Foi com esse espírito que, seis meses depois, em março de 2017, Araujo recebeu mais uma chance de defender a seleção peruana. E novamente em um desafio indigesto. Em Lima, era preciso vencer o Uruguai para seguir na luta por uma vaga na Copa da Rússia. Mas como parar o estrelado ataque formado por Edinson Cavani e Luis Suárez?
"Quando eu entro em campo, eu mudo o chip. Mudo a cara e fico mais imponente", explicou o zagueiro com fama de bom moço, mas que não se deixou intimidar por Suárez. Havia uma lenda, sustentada por Araujo meses depois, de que o centroavante uruguaio entrou em campo perguntando a todos quem era o novato que iria marcá-lo, e depois passou a encará-lo: "É verdade. Ele me olhava e não tirava o olho, não sei se esperava que eu baixasse a cabeça, mas eu não baixei".
O Peru venceu o Uruguai por 2 a 1 e Araujo foi aprovado em mais uma prova de fogo que o levaria a enfrentar a Argentina na temida Bombonera. O jogo foi marcado para uma noite de quinta-feira.
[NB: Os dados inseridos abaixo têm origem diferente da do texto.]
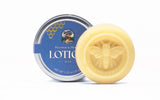 Beeswax lotion bar featuring a bee design sits beside its metal container from Register Family Bee Farm.
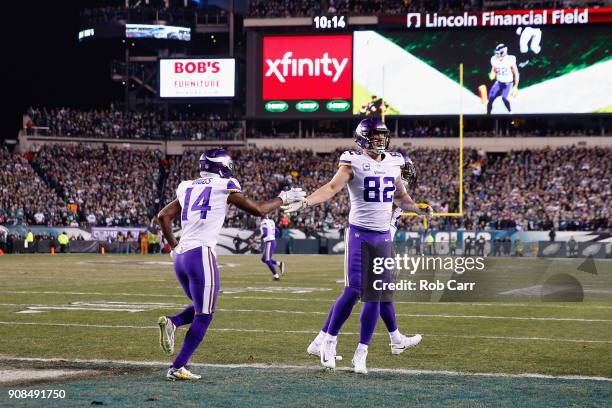 Kyle Rudolph is congratulated by his teammate Stefon Diggs of the Minnesota Vikings after scoring a first quarter touchdown against the Philadelphia...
Uma festa impressionante foi feita pelos cerca de 49 mil argentinos presentes no estádio. Dois países pararam para acompanhar a partida pela televisão. Mas logo a mãe de Araujo correu o risco de perder o maior momento da carreira do filho.
"Mama" Julia ficou tão nervosa naquela manhã, que teve uma crise de pressão alta e precisou ser internada. Os médicos não queriam deixá-la voltar para casa, muito menos ver o jogo na TV. As recomendações foram, obviamente, ignoradas e Julia conseguiu até passar um recado para o filho: "Deixe tudo em campo, porque eu gostaria de estar no seu lugar e faria tudo por meu país, como seu pai fez tudo para que você pudesse treinar e chegar onde chegou".
Araujo conta que seguiu à risca o conselho da mãe, assim como seus companheiros. "Estávamos sempre perto um do outro. Se um não ia chegar na bola, o outro corria por ele. Demos a cara por essas cores. Não planejamos nada. Só focamos que eram 11 contra 11 e mostramos à Argentina que eles também precisavam se preocupar", comentou à época. O duelo com os argentinos foi tenso como o esperado. Araujo precisou se desdobrar para segurar Messi.
Os gritos de lamentação e o desespero crescente do craque em La Bombonera significavam o sucesso na missão de Araujo. Bem como os muros que ganharam grafites em sua homenagem no bairro de San Gabriel, no distrito de Villa María del Triunfo, em Lima.
Foi lá onde o zagueiro nasceu, cresceu e estudou. Familiares e professoras o definiam como um garoto educado e disciplinado. Esse foco não o impedia de ser um dos mais brincalhões da turma. Puxava as brincadeiras inspiradas no seriado "Los Choches", que mostrava crianças se divertindo na periferia de Lima e fez muito sucesso na TV peruana na década de 1990. Outro programa de televisão que motivava imitações de Araujo eram as danças de "Pedro, El Escamoso", protagonista de uma série homônima produzida na Colômbia.
A fama de Araujo após anular Messi cruzou as ruas estreitas de San Gabriel. Empresários chegaram a oferecê-lo ao São Paulo no início de 2018, mas o negócio não avançou. O Talleres, clube argentino que ganhou fama no Brasil ao eliminar justamente os são-paulinos na Libertadores deste ano, acabou o contratando. O prêmio maior foi a convocação para a Copa do Mundo do ano passado. Estar em campo amanhã contra o Brasil será apenas uma consequência.